Here Is Goldman's "Exhibit A" Why The ECB's Monetary Policy Has Been A Failure

Earlier today we noted something long overdue: the big banks are slowly admitting that QE, especially in its extended NIRP version, is not working. To wit:

The problem of low inflation remains evident. Swiss inflation has collapsed into very negative territory, albeit precipitated by the SNB abandoning their currency peg earlier in the year. While Danish inflation has moved away from zero post big rate cuts in 2015, it is still hovering at just 0.5%. And Swedish inflation has been stuck around zero since early 2013.

 

Yet, household savings rates have also risen. For Switzerland and Sweden this appears to have happened at the tail end of 2013 (before the oil price decline). As the BIS have highlighted, ultra-low rates may perversely be driving a greater propensity for consumers to save as retirement income becomes more uncertain.

 

For now, negative rates as a policy tool remain a “work in progress”, judging by the current inflation levels across Europe. But the rise in household savings rates amid so much central bank support is paradoxical to us, and mimics what we highlighted in the credit market earlier this year. Companies in Europe are deleveraging, not releveraging, and are buying back bonds not stock.

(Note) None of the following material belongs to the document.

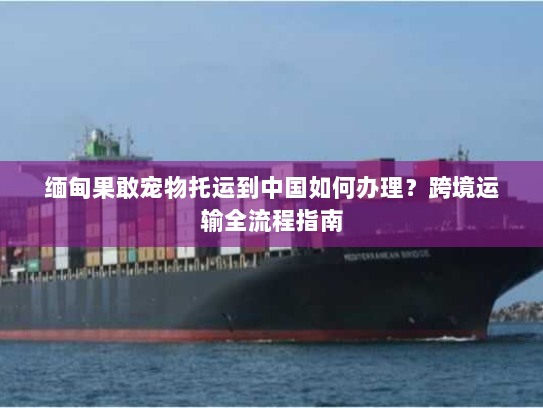 缅甸果敢宠物托运到中国如何办理?跨境运输全流程指南 缅甸果敢宠物托运到中国如何办理?跨境运输全流程指南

BofA showed this chart of soaring European interest rates coupled with surging savings rates: precisely the opposite of what the ECB's tacti intention.

 

Then, to our surprise, none other than Mario Draghi's former employer, Goldman Sachs, came out with a report which essentially doubled down on BofA's skepticism, by practically admitting that what the ECB is doing in a monetarilly interconnected world, where every central bank is now an activist exporter of its own deflation (and concurrently importing others' deflation) is not going to work.

The subdued and increasingly persistent inflation dynamics that have prevailed in recent years may have eroded central banks’ best line of defence in the face of adverse disinflationary shocks. The energy-price-driven decline in Euro area inflation from 2012 to 2015 has thrown this possibility into even sharper relief.

 

By embarking on unprecedented balance sheet operations and forward guidance, central banks in Europe have sought to ring-fence domestic inflation expectations and signal their intention to maintain monetary conditions easy for a protracted period of time. Mario Draghi himself described the ECB’s asset purchase programme as a way of ensuring that very low (and, at times, negative) inflation does not lead wage- and price-setters to adjust their behaviour to a perceived lower steady-state rate of inflation. However, judging from market-based implied measures of longer-term inflation expectations, the effectiveness of the ECB’s announcements has proved limited so far.

And once again, just like in the BofA case, this is the most diplomatic way Goldman could find to say that Europe's NIRP (and QE) are not working.

Its Exhibit A: the following chart showing the "history" of Europe's current and future inflation.  It is self-evident that Europe's inflationary expectations have never been lower.

Why the sudden attack against unconventional monetary policy?

Perhaps the same reason just one month ago banks such as Citi and Macquarie came out and said outright monetary financing is just a matter of time.

Perhaps BofA, and now Goldman, are setting the stage for the next iteration: after all any rational person by now realizes that just by doing more of what has failed, will fail, and lead to even more spectacular volatility and bigger crashes.

However, that does not give the banks an option of simply giving up. As a result, while the market is currently in a euphoric mood - unknown for how much longer: after all the same dynamics that unleashed the EM crisis in the summer just came back with a vengeance with a Fed once again jawboning for a December rate hike and promoting a stronger dollar hinting at an even more violent EM upheaval in the months ahead -  the large banks are quietly positioning their support for the "policy recommendation" that will follow the next deflationary surge.

For the answer whether it will finally be the inevitable helicopter money, find out after the next 5-10% market "crash."